Start of Block

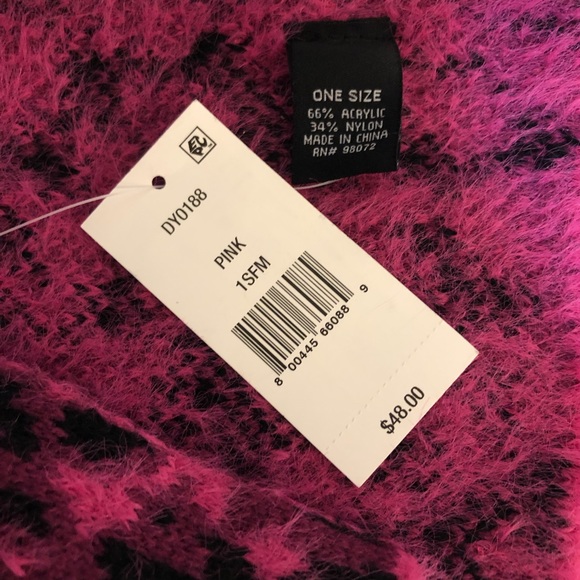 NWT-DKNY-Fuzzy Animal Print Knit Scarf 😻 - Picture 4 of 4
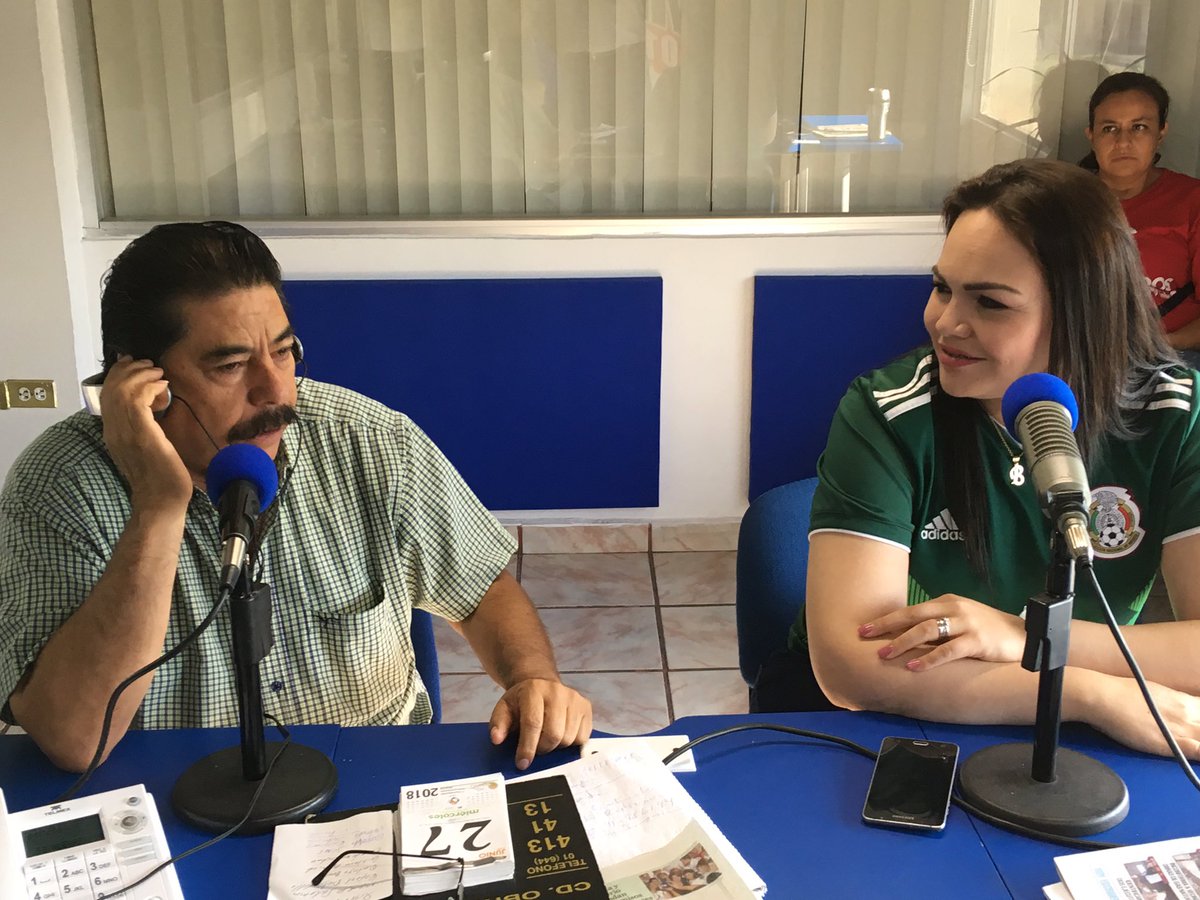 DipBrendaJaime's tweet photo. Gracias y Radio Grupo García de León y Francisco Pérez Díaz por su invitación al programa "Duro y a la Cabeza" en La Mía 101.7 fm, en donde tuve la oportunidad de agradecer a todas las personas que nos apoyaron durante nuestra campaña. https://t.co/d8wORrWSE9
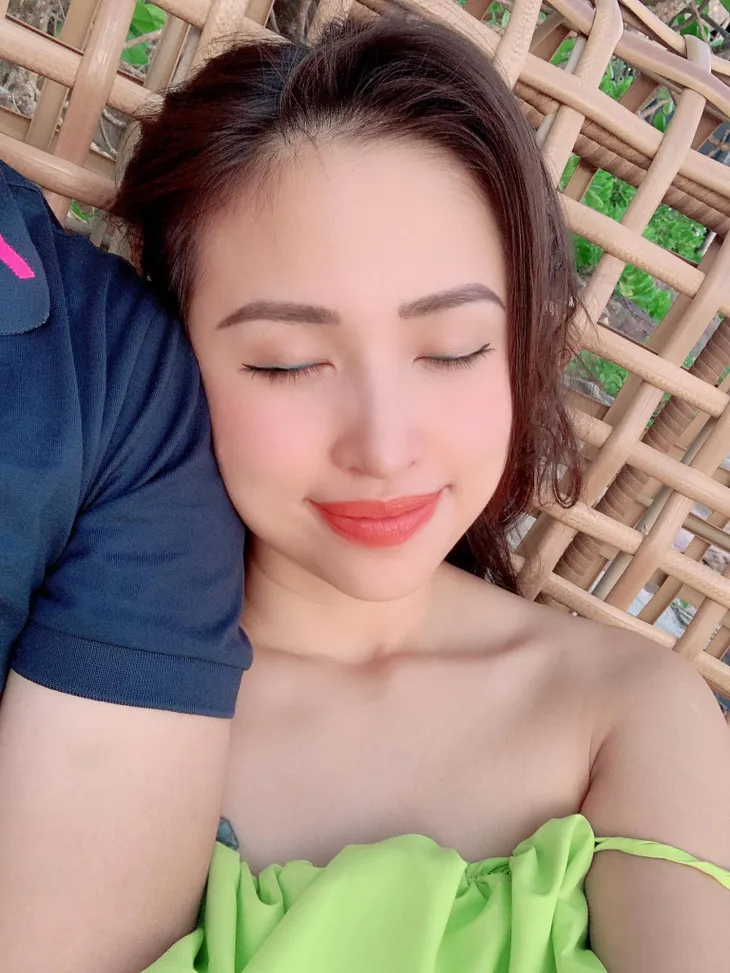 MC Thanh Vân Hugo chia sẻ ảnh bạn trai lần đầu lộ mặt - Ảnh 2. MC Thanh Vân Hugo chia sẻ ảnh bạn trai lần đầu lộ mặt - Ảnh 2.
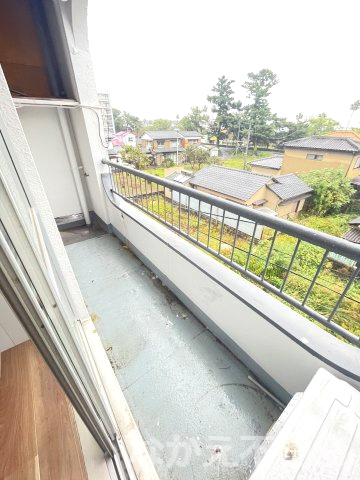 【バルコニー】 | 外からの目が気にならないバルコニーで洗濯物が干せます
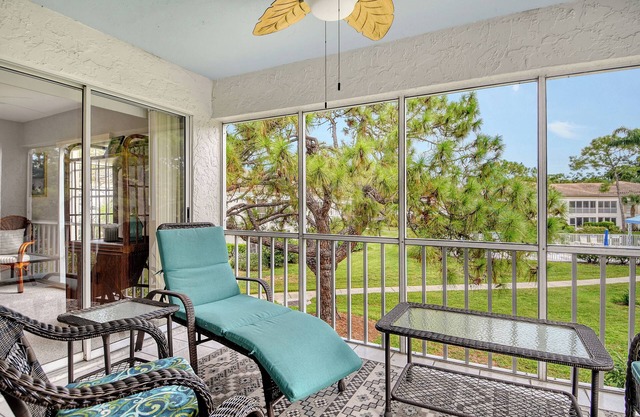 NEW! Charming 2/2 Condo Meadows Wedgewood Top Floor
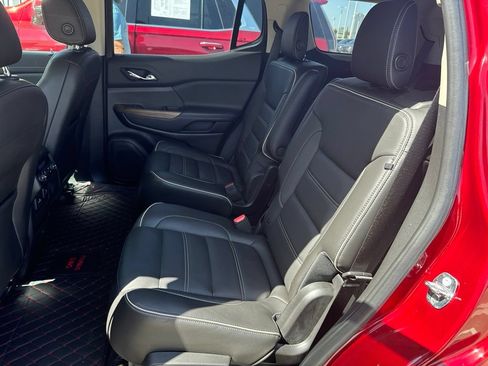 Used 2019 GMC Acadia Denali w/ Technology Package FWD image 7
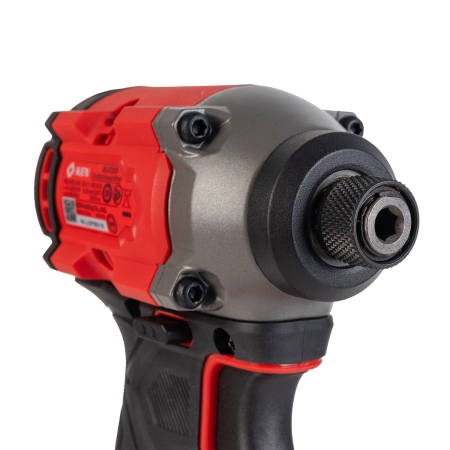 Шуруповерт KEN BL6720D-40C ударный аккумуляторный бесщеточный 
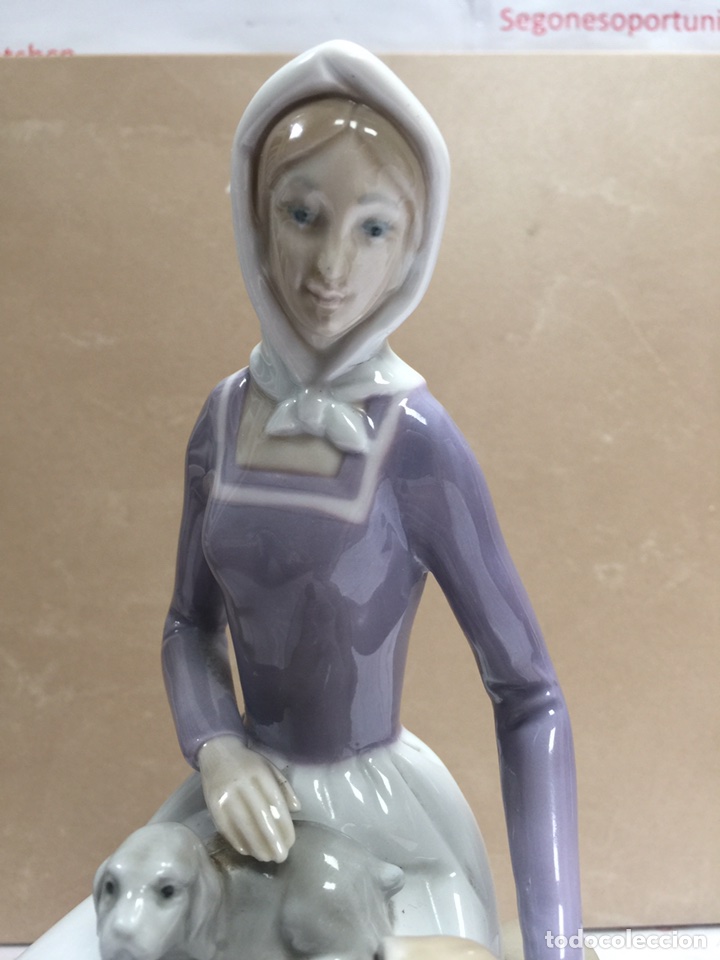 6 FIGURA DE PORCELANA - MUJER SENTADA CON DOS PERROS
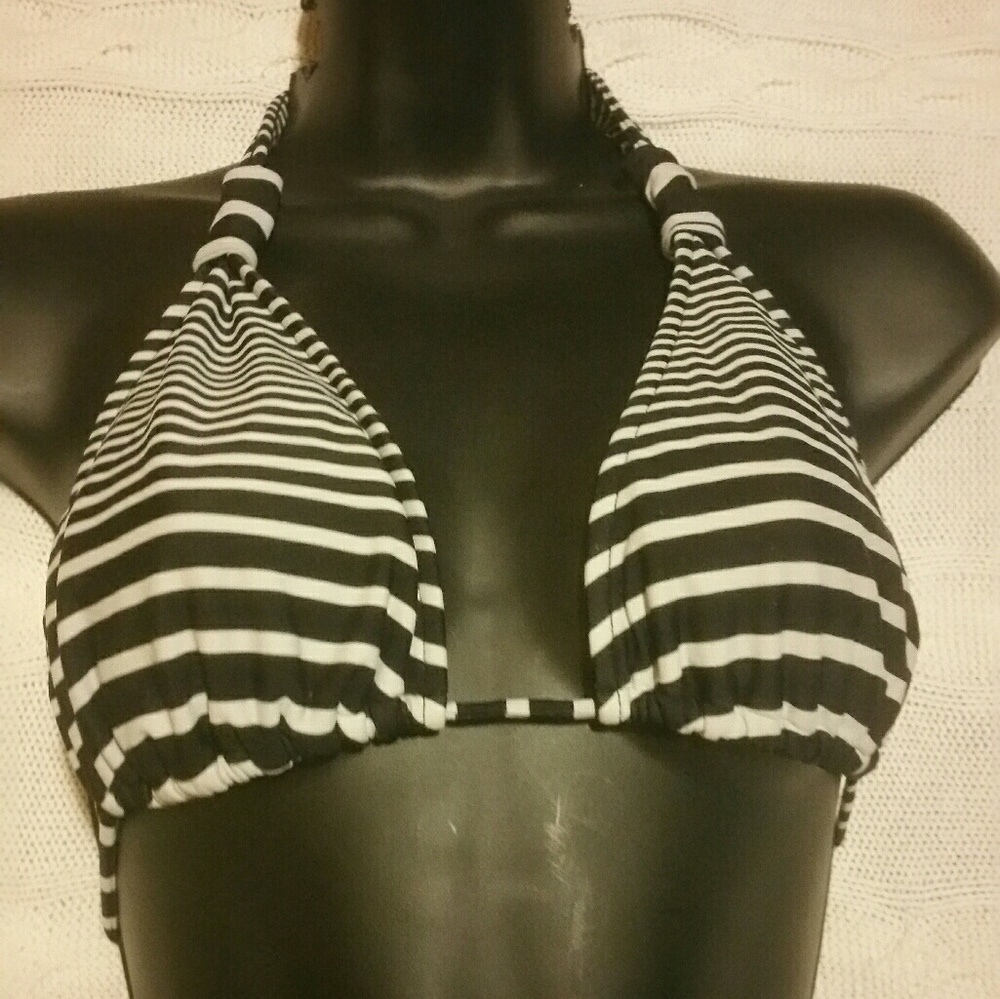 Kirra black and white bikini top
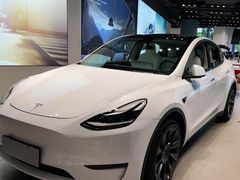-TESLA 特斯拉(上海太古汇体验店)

End of Block

> _Task directions_: An answer containing only the lines from the one holding "Шуруповерт KEN BL6720D-40C" through the close of the entries above, reproduced exactly and stripped of pictures, is expected.

> _Exercise result_:
 Шуруповерт KEN BL6720D-40C ударный аккумуляторный бесщеточный 
 6 FIGURA DE PORCELANA - MUJER SENTADA CON DOS PERROS
 Kirra black and white bikini top
-TESLA 特斯拉(上海太古汇体验店)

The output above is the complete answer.